When we want to approximate the waves at long times, classical homogenization fails to capture additional dispersion that develop in the effective behavior of the waves. This is illustrated in the following pictures (for more details see Chapter 4 of my thesis).

In picture (a), we see the time evolution of the waves that we want to approximate using homogenization (displayed in a moving frame around a pulse). These waves propagates in a simple periodic medium that oscillates at the microscopic scale. We observe that indeed as time increases dispersion appear in the macroscopic behavior of the waves. In picture (b) is displayed the time evolution of the corresponding homogenized solution. While the wavespeed of the main pulse is accurate, the dispersion is not captured.

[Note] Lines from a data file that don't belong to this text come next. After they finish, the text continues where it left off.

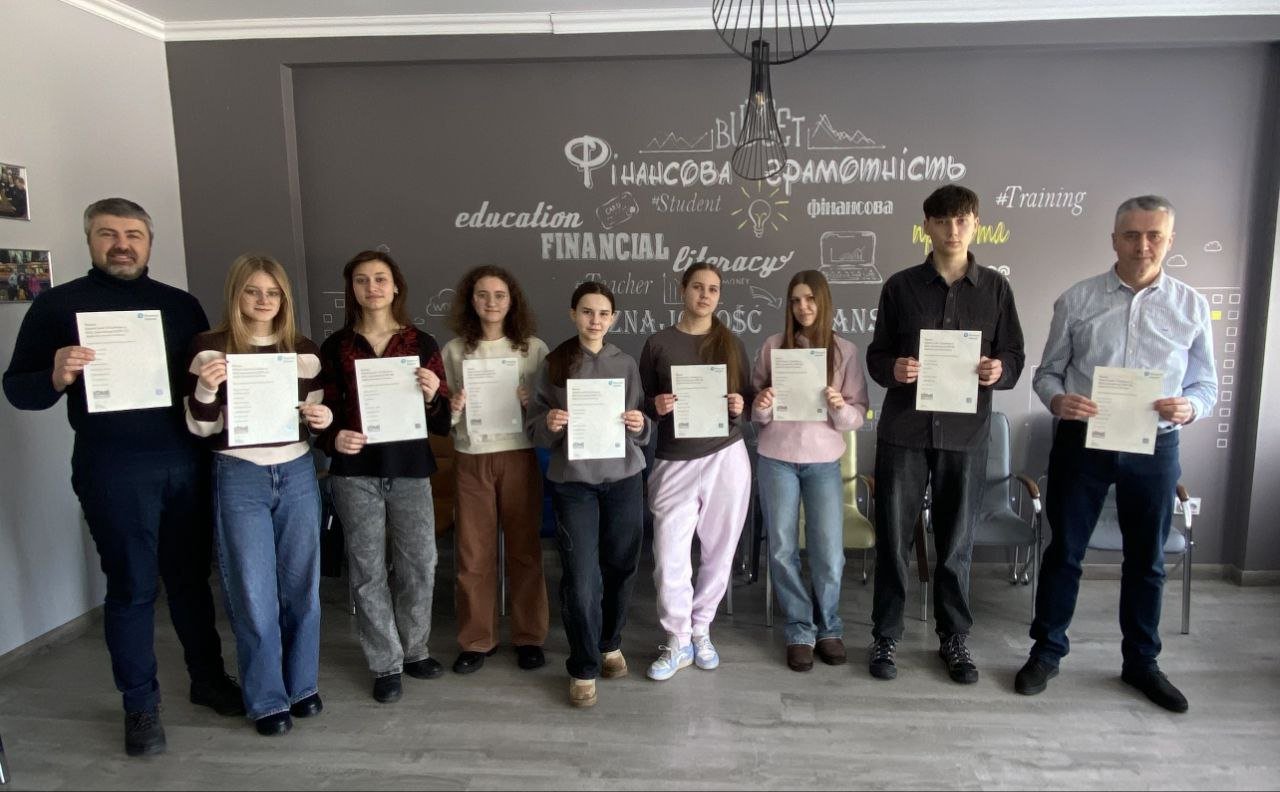 Вітаємо кандидатів із успішним складанням Pearson English International Certificate та отриманням сертифікатів рівнів B2 і C1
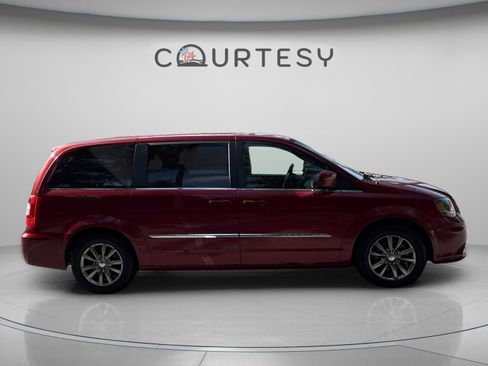 Used 2015 Chrysler Town & Country S w/ Driver Convenience Group FWD image 8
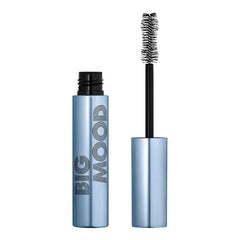 e.l.f. Big Mood Mascara envase y textura cremosa para una aplicación suave.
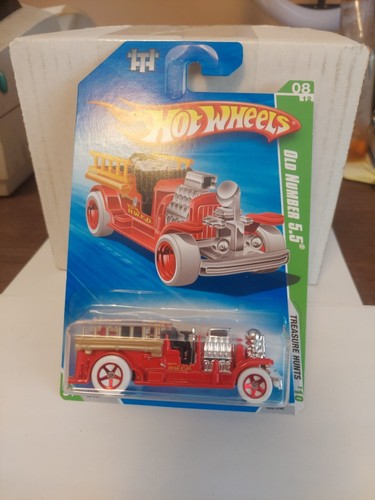 OLD NUMBER 5.5 HOT WHEELS 2010 TREASURE HUNTS 8/12 RED - Picture 1 of 2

As classical homogenization does not describe accurately the long time dispersion, the FE-HMM, which approximate the homogenized wave, can not be expected to provide a good approximation for large times. The global objective of this research is to develop a enhanced version of the method that describes the dispersion.

The key towards this objective is to understand deeply this dispersion effect by deriving an effective model to improve the homogenized one. In fact, the classic homogenization can be understood as a zero-th order effective model and we are looking for the higher order ones. An important result that we derived proves that for any time (arbitrarily long) there exists a family of effective models that describes well the dispersion in periodic media (joint work with Prof. A. Abdulle, see this paper and this one for the maths). We also provided efficient algorithms to compute the effective waves in these media. Coming back to the example above, with this result we now obtain the following pictures:

Picture (a) is the same as before. Picture (b) is displayed the time evolution of a first order effective model (one in the family). Observe that this time the macroscopic dispersion in the fine scale wave (black curves in the left picture) is accurately captured.

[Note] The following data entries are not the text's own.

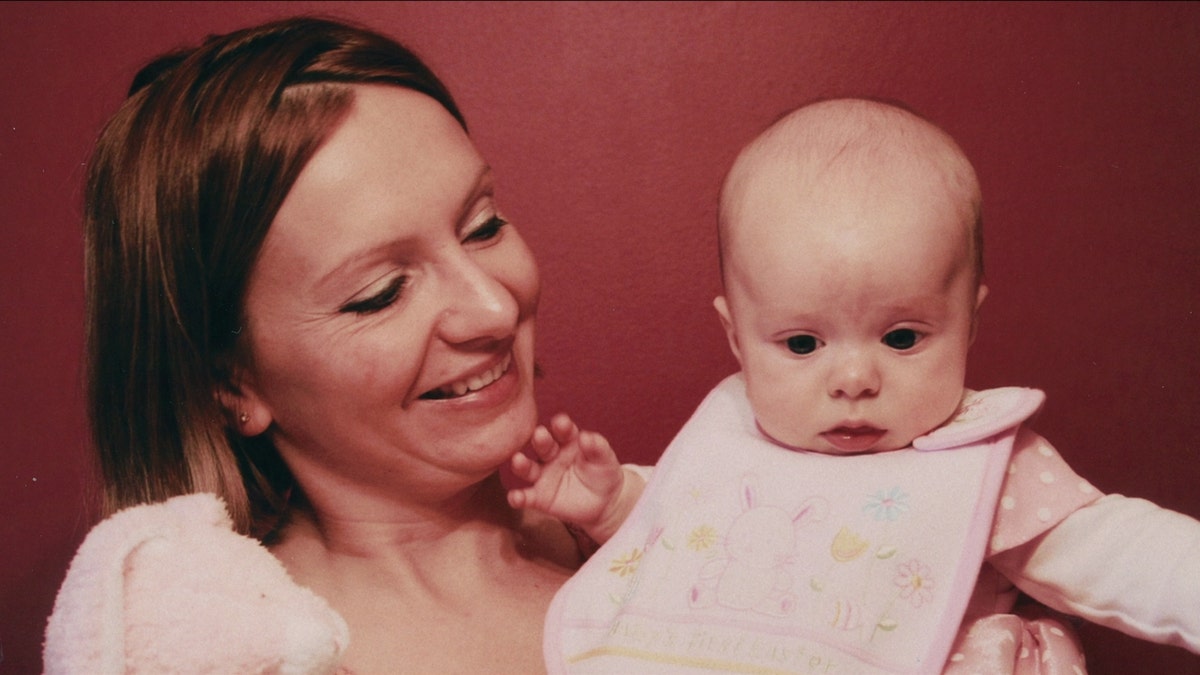 Beata Kowalski houdt Maya vast als baby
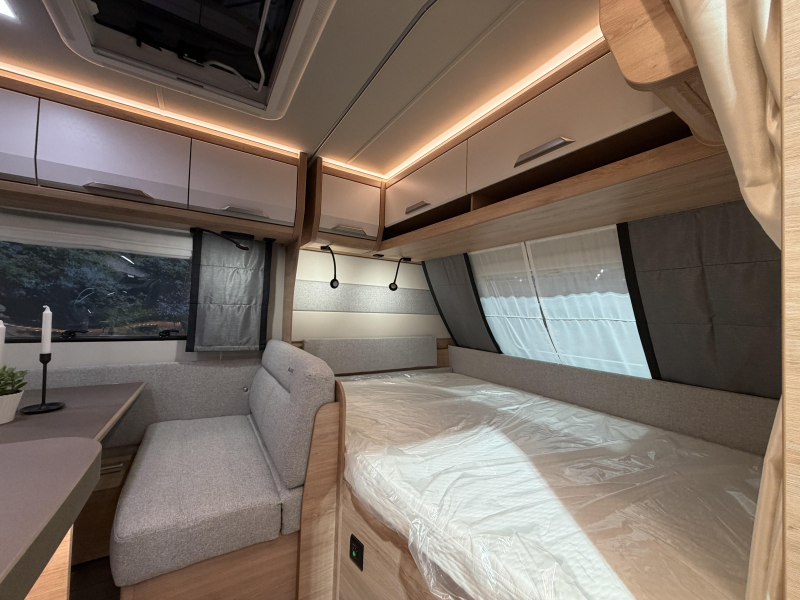 Knaus Sudwind Black Selection 500 QDK stapelbed / dwarsbed  foto: 9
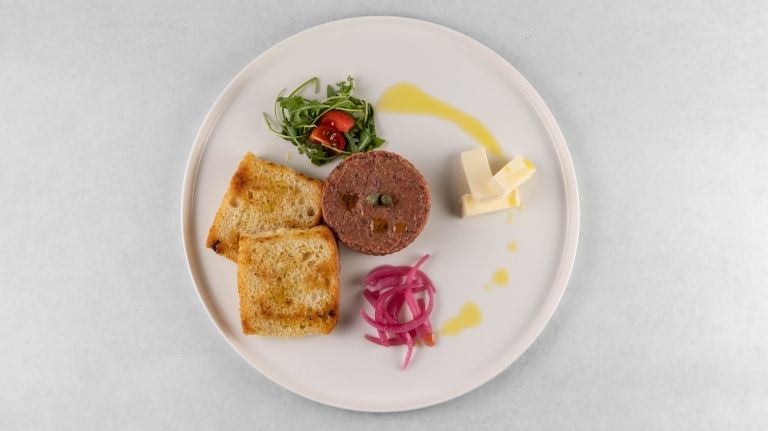 Beef tartare s domaćim tostiranim kruhom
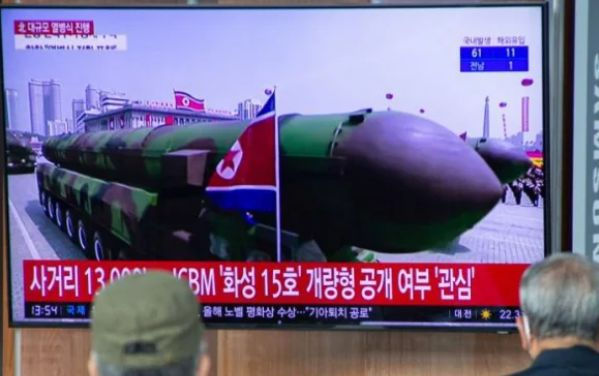 Експерт по отбраната обясни защо колосалната ракета на Ким стресна цял свят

These results were obtained for periodic media. We extended them to locally periodic media, which allow for a macroscopic deformation of the microscopic structure (the maths in this paper). Here are pictures to illustrate the benefit of this result.

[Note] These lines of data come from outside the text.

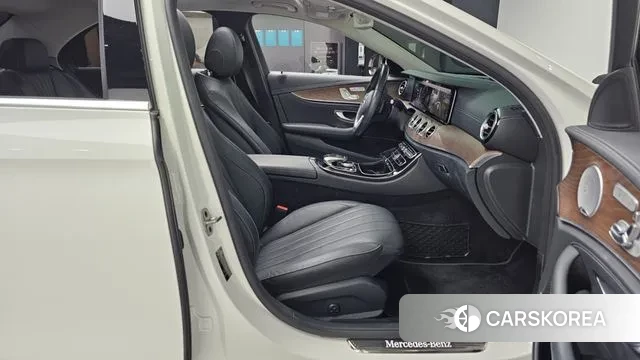 Mercedes-Benz E-Class W213 2020 Белый из Кореи, фото 2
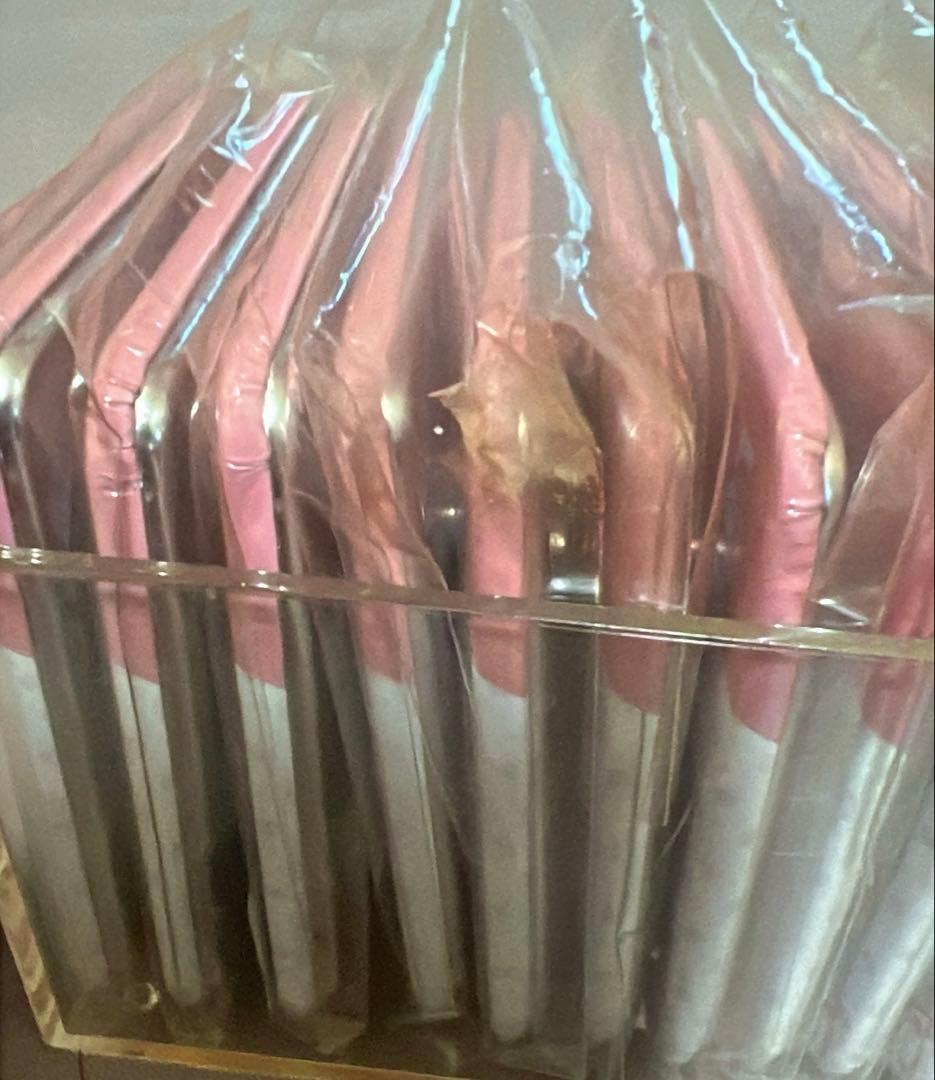 ローレン・イロアス サンリオコラボ 缶バッジ 21個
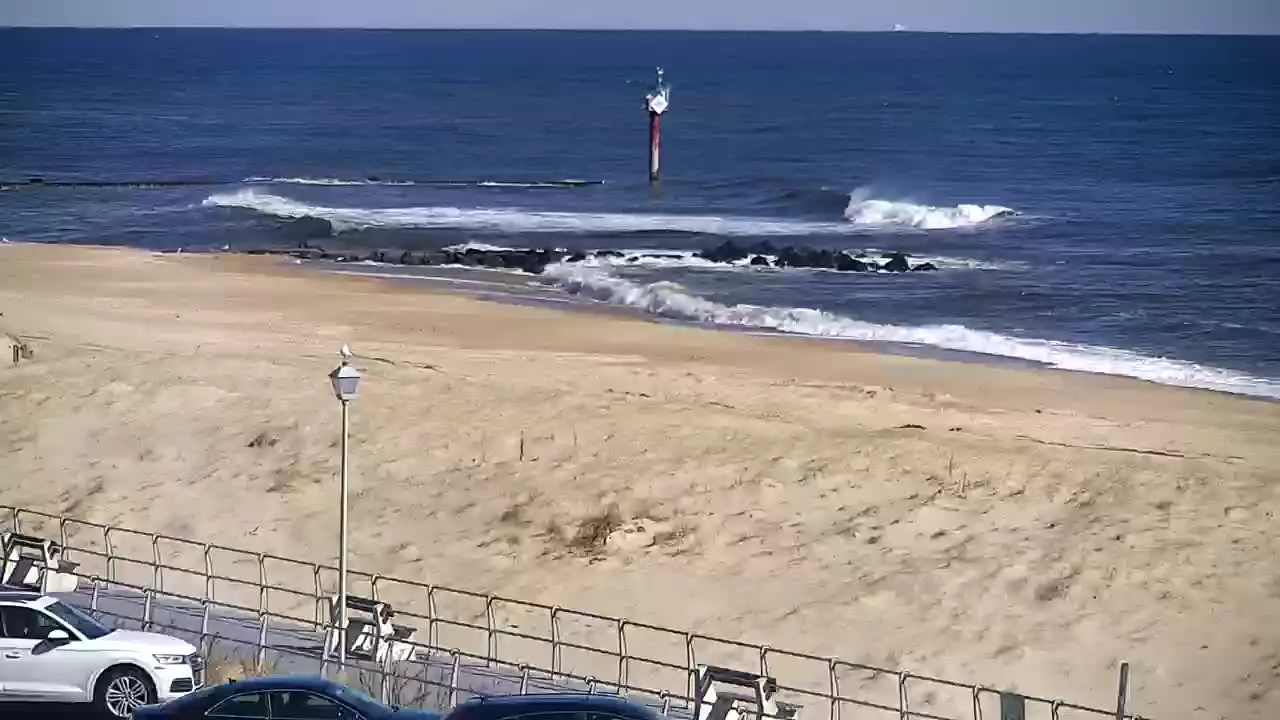 beach cam voyeur - hairy creamoie bukkake swap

We consider an initial pulse centered at the origin $$(0,0)$$, and let it evolve in a locally periodic medium.
In picture (a) is displayed a snapshot of the homogenized waves $$u^0$$ at time $$t=50$$. Observe that the pulse has propagated in all directions: the front waves appear in yellow on the picture. The bumps that we can see behind the front waves correspond to the macroscopic variation of the medium. In picture (b) is the corresponding effective waves of order 1: $$\bar{u}$$. The global behavior is similar, but it captures additional macroscopic dispersive effects, visible in the zooms.